Recently, waveguides are vigorously developed which convert propagating light into near-field light. Application of the waveguides is actively proposed not only for an optical interconnection of an optical circuit but also for a recording head and a recording device. In the field of optical recording, miniaturization of an optical spot is advanced for a higher recording density. In view of this, use of near-field light is proposed. In the use of near-field light, a high intensity of near-field light is required for a high S/N ratio. For this reason, a waveguide is used which converts propagating light into near-field light by, particularly, a surface plasmon polariton technology.
For optically-assisted magnetic recording, it is necessary to take into consideration relative positions of a waveguide, a magnetic pole, and a reproducing element.
For example, in an optically-assisted magnetic recording head disclosed in Patent Literature 1, a constriction having a rectangular shape or a V-shape is formed in a metal film so that a position of a magnetic field generated due to an electric current passed through the metal film may be matched with a position of near-field light generated due to light which enters the constriction. In this case, a polarization direction of the incident light is a direction parallel with a longitudinal direction of the constriction.
In each of optically-assisted magnetic recording heads disclosed respectively in Patent Literatures 2 and 3, a waveguide whose cross-section is a triangle is formed, and a polarization direction is adopted which is perpendicular to that one side of the triangle which is oriented toward a main magnetic pole.

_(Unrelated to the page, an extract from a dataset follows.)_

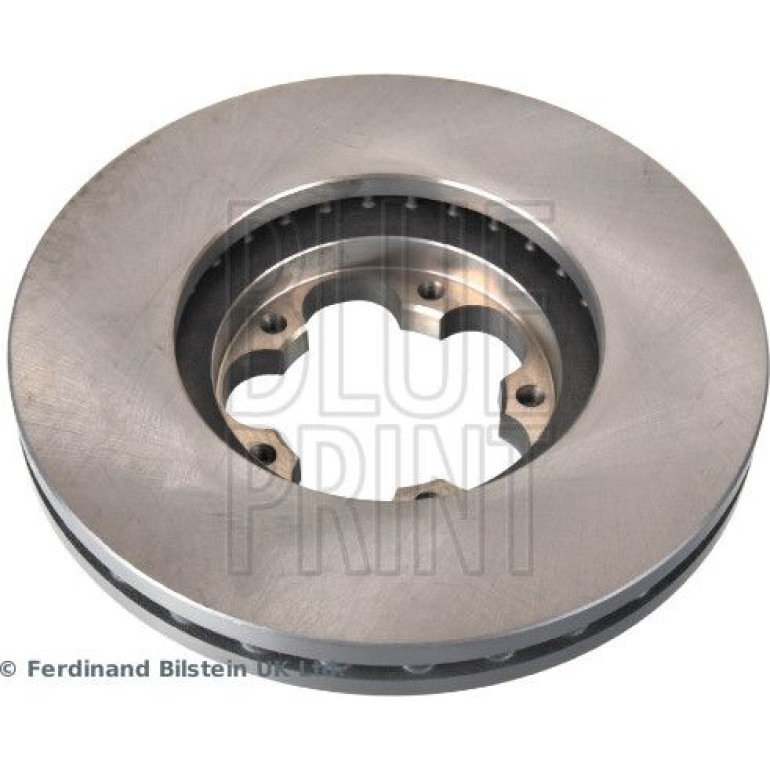 Bremsscheibe ADBP430075 Bremsscheibe ADBP430075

This causes near-field light to localize at a position on the one side of the triangle, and generates near-field light in the vicinity of a main magnetic pole.
In an optically-assisted magnetic recording head disclosed in Patent Literature 4, a metal film having an aperture at an output terminal of a semiconductor laser so that near-field light may be generated, by the metal film, through the use of surface plasmon polariton enhancement. Patent Literature 4 exemplifies a triangle as one example of a shape of the aperture. In this case, a polarization direction of incident light is a direction perpendicular to one side of the triangle.
In each case, light incident on the metal film is converted into surface plasmon polaritons which are a kind of near-field light. The surface plasmon polaritons propagate along a tip of the constriction and one side of the triangle, thereby reaching the exit surface.
Non-patent Literature 1 teaches that in a case where light polarized in a width direction of a V-shape of a V-shaped waveguide enters the V-shaped waveguide, generated surface plasmon polaritons converge at a tip of the V-shape.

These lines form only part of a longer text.